### What to work on
Everything from the line containing "2018-19 Borussia Dortmund" through the last line of the listing below should be returned exactly, except for pictures.
▼
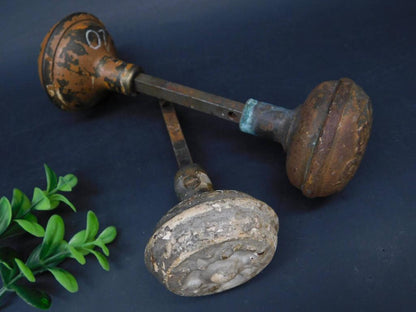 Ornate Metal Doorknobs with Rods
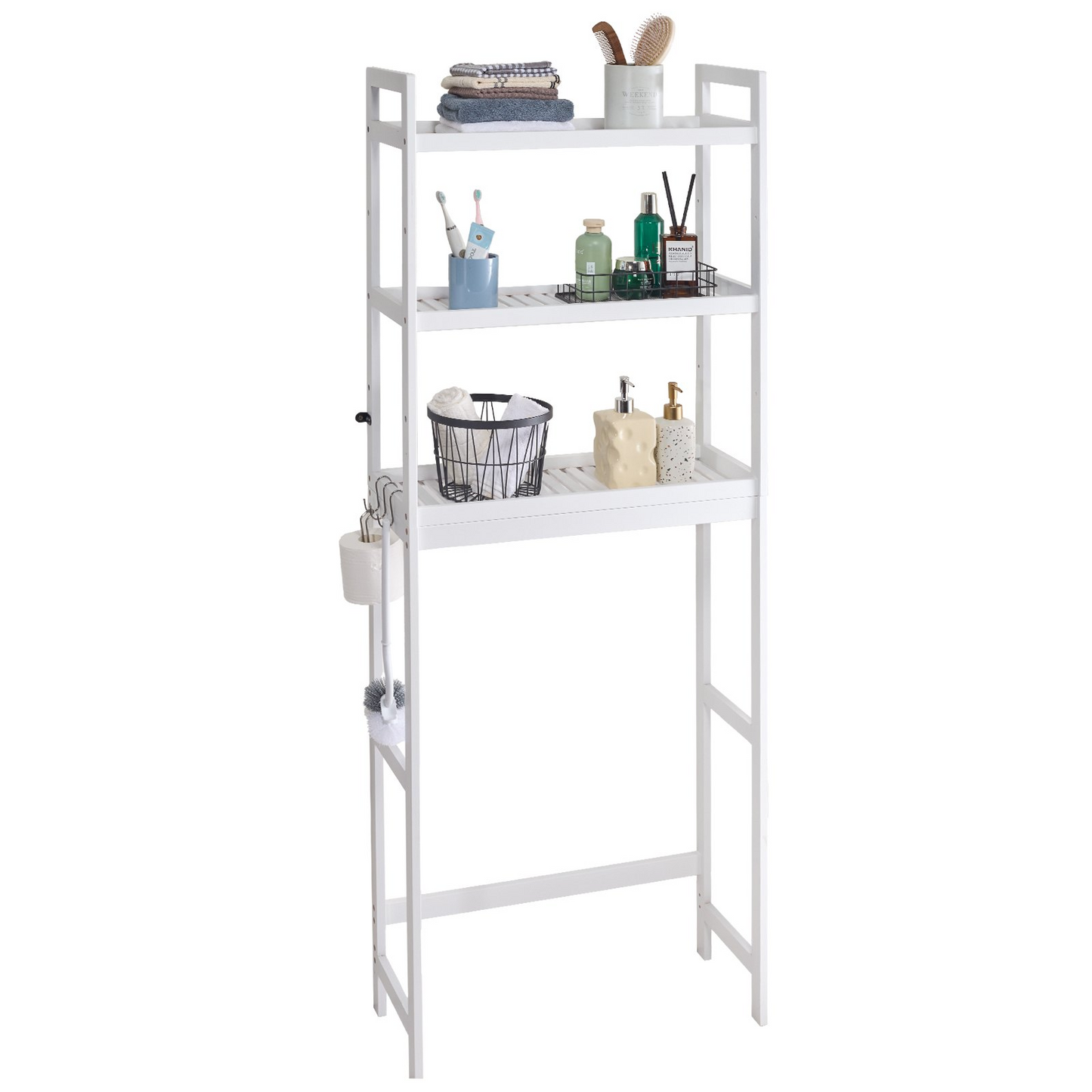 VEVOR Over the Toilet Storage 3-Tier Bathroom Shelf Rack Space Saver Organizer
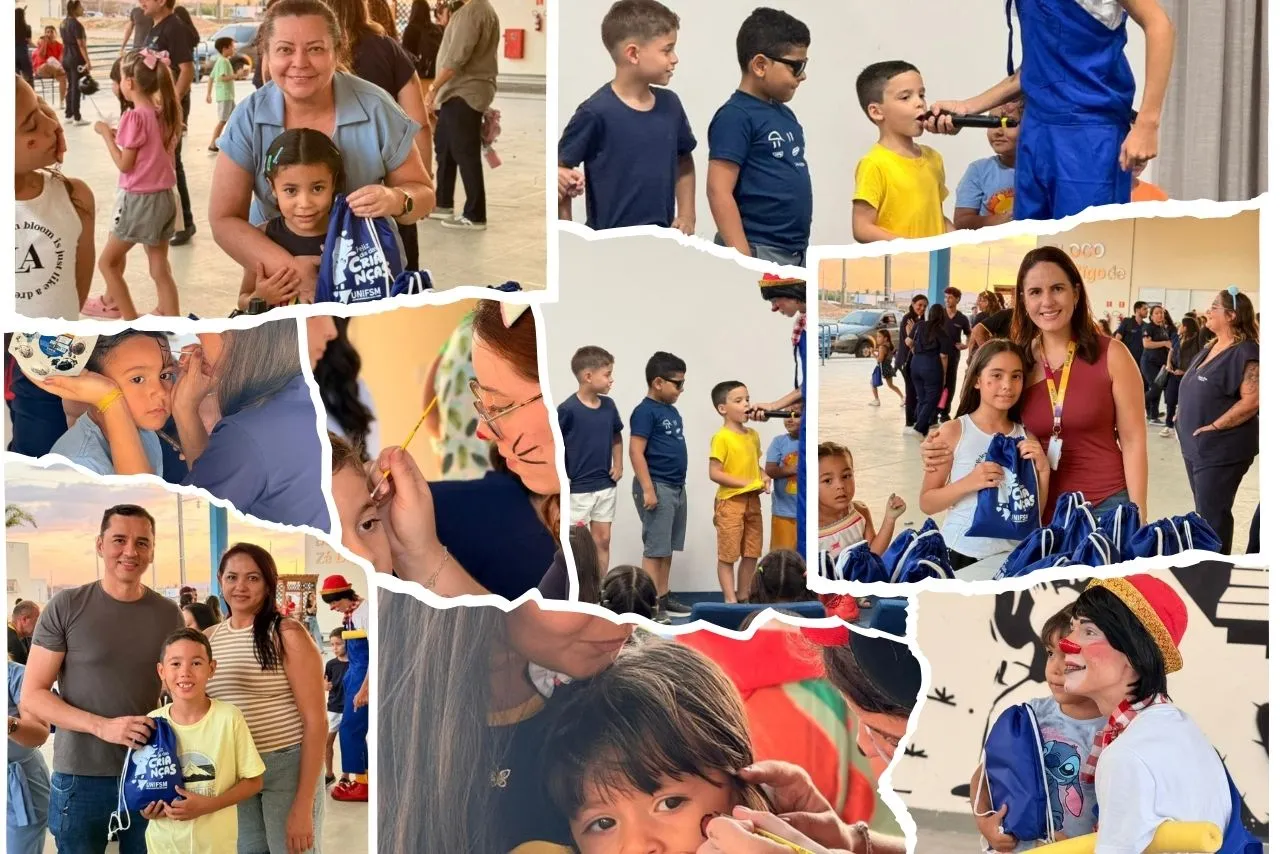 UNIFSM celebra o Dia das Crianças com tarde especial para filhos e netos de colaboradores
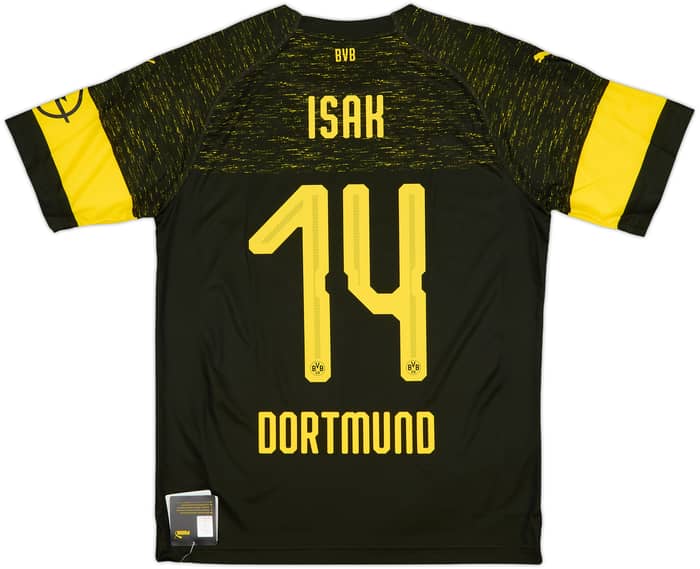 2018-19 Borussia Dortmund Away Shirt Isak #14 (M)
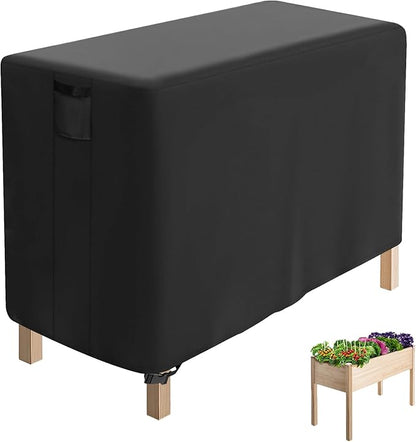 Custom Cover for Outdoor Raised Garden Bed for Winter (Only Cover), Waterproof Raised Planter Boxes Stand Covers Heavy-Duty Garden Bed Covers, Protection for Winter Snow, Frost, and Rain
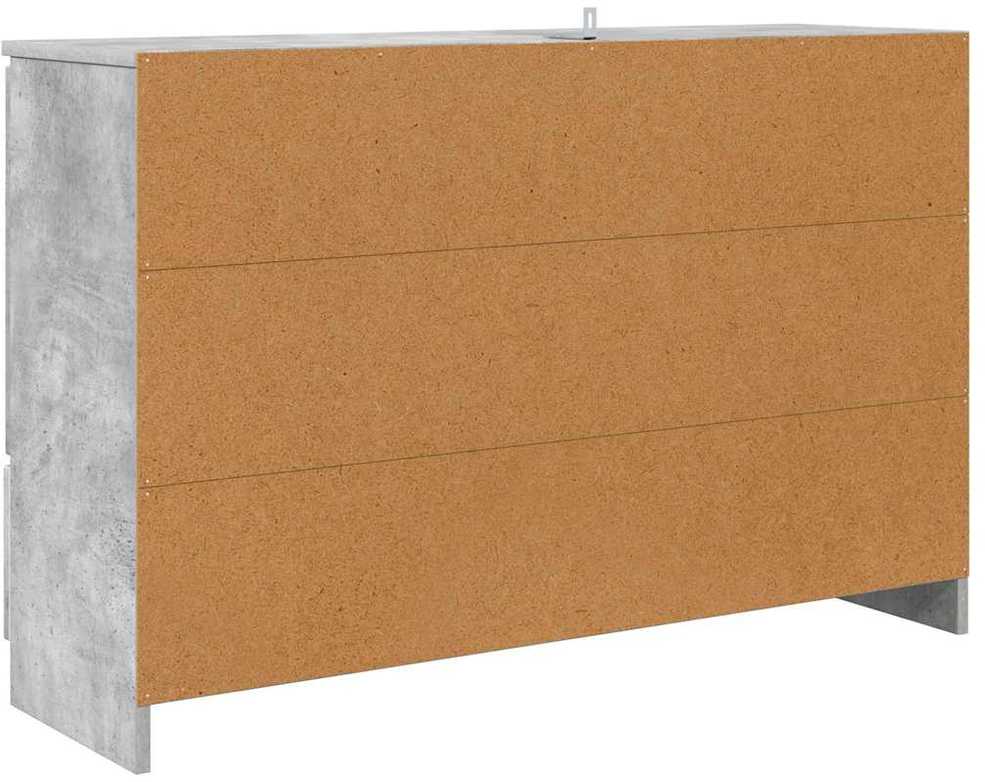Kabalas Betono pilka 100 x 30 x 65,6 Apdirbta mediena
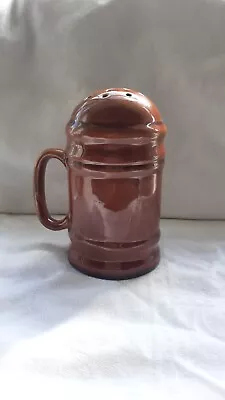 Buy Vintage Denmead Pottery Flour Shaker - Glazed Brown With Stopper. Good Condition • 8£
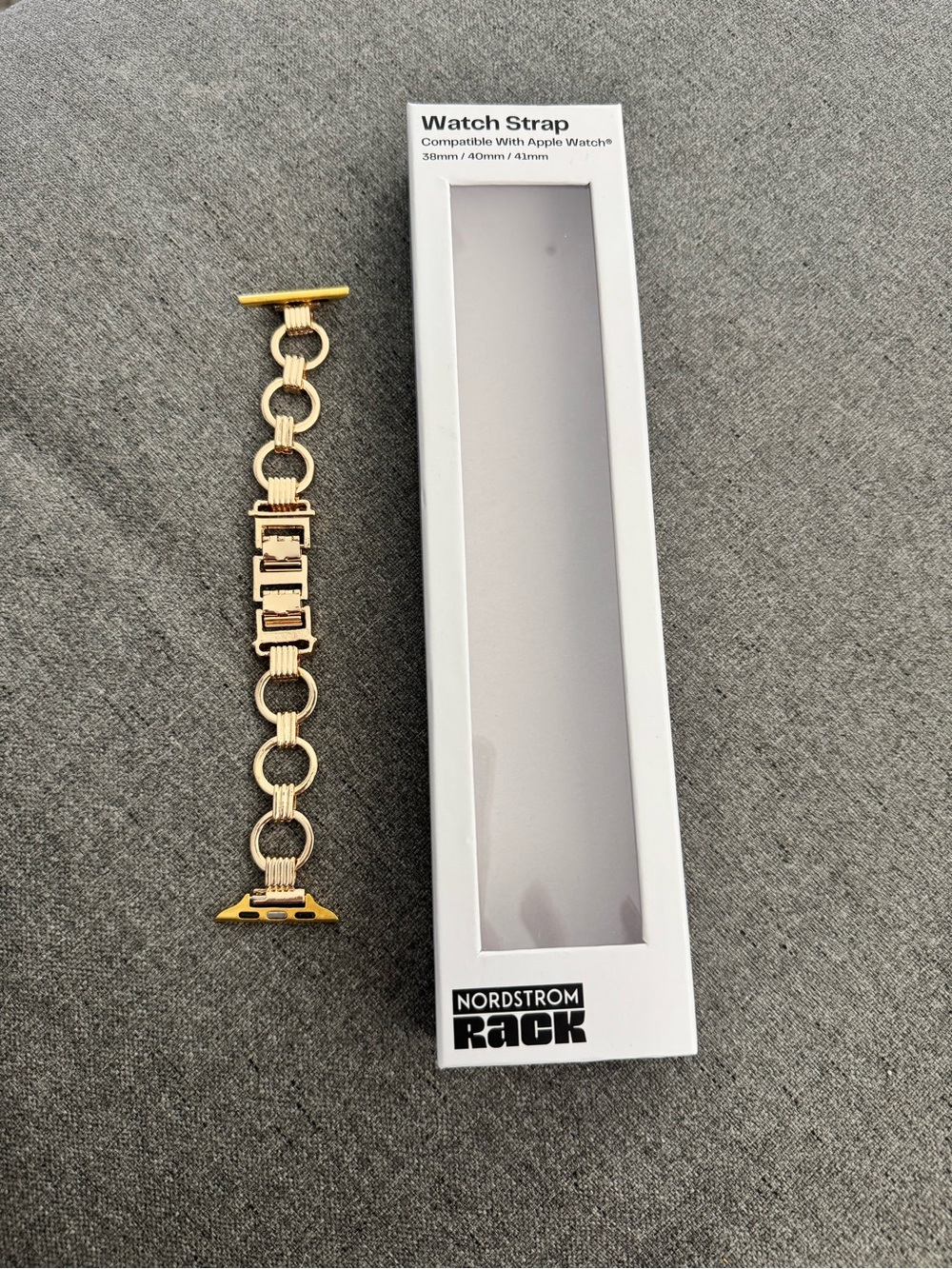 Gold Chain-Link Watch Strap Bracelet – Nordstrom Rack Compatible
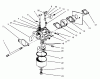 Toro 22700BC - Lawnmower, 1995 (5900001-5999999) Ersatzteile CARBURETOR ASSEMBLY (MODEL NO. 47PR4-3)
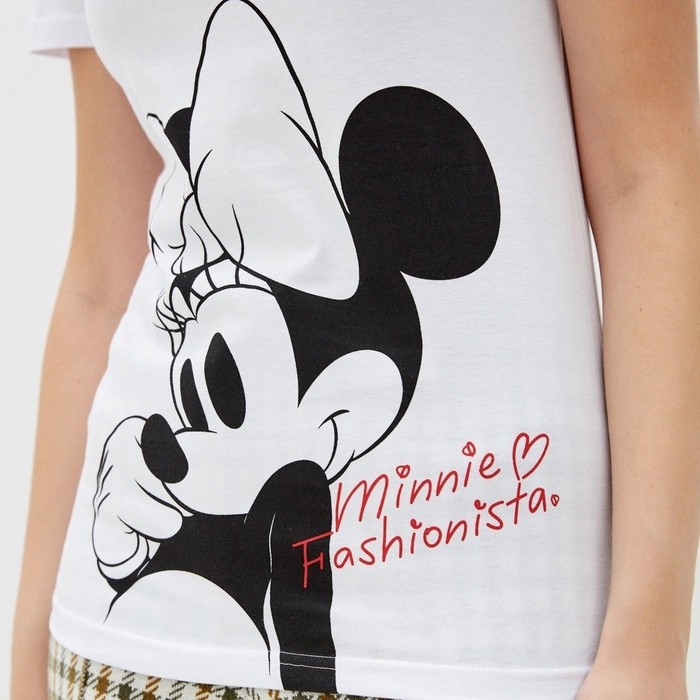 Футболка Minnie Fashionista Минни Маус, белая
▲
### Solution
 2018-19 Borussia Dortmund Away Shirt Isak #14 (M)
 Custom Cover for Outdoor Raised Garden Bed for Winter (Only Cover), Waterproof Raised Planter Boxes Stand Covers Heavy-Duty Garden Bed Covers, Protection for Winter Snow, Frost, and Rain
Kabalas Betono pilka 100 x 30 x 65,6 Apdirbta mediena
 Buy Vintage Denmead Pottery Flour Shaker - Glazed Brown With Stopper. Good Condition • 8£
 Gold Chain-Link Watch Strap Bracelet – Nordstrom Rack Compatible
 Toro 22700BC - Lawnmower, 1995 (5900001-5999999) Ersatzteile CARBURETOR ASSEMBLY (MODEL NO. 47PR4-3)
 Футболка Minnie Fashionista Минни Маус, белая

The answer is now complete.